Et le livre dans tout çà ? | |
«Pourquoi
voulez-vous que l’Ecole passe à l’ère du numérique quand elle
n’a pas encore passé l’ère Gutemberg ? »,
lançait lors d’une conférence aux parents, Philippe Meirieu
alors directeur de l’INRP. Il interpellait de fait
parents et enseignants sur les usages de la lecture à l’école
et au collège, comme la politique ministérielle actuelle
interpelle sur le phénomène de l’illettrisme. Nous ne pouvions donc pas terminer ce chapitre sur les outils de l’enseignant moderne sans envisager la place du livre en général et des pratiques de lecture plus spécifiquement. La réflexion porte sur l’activité effective de l’élève dans son parcours scolaire et son temps d’exposition (c’est souvent ainsi qu’on en parle) aux apprentissages fondamentaux. A la manière d’un papier photographique, a-t-il été suffisamment exposé à la lecture et à ses différents usages pour « imprimer » de manière conséquente, comme le disent les élèves du 93 ?

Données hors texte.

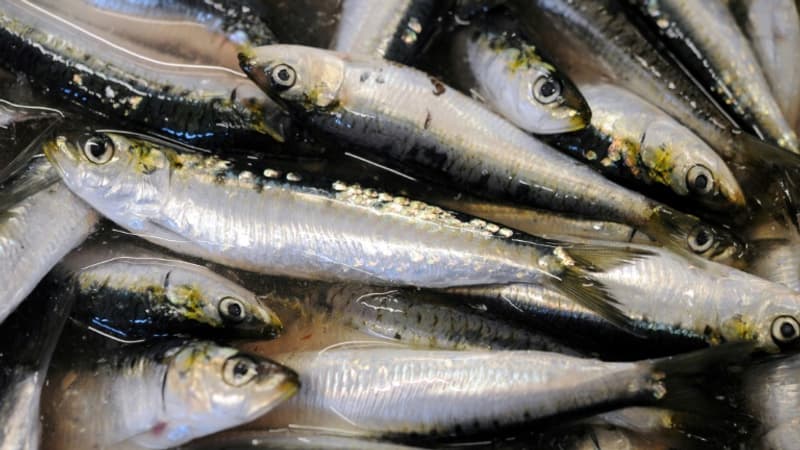 Des milliers de poissons s'échouent mystérieusement sur plusieurs plages du Finistère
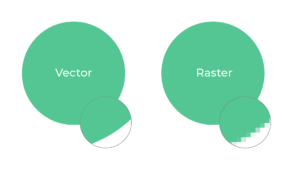 Raster vs Vector Comparison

Cette question concerne absolument tous les enseignants, et comme tous les problèmes partagés, il est facile de reporter la charge sur le voisin, l’autre discipline ou l’année précédente, tant que la réflexion n’est pas explicitement abordée et prise en charge par un collectif organisé en ce sens. En témoignent la faiblesse numérique au moins en terme d’affichage des objectifs des projets d’établissement portant sur la maîtrise des langages et la pratique de la lecture. Alain Bentollila évoque le « long tunnel » de l’illettré, car tout se passe comme si le problème n’existait pas ; à l’échelle d’un établissement, il ne s’agit peut –être que de quelques « unités », à l’échelle de la nation, ce sont plusieurs dizaines de milliers de personnes. Elles sont donc bien passées quelque part.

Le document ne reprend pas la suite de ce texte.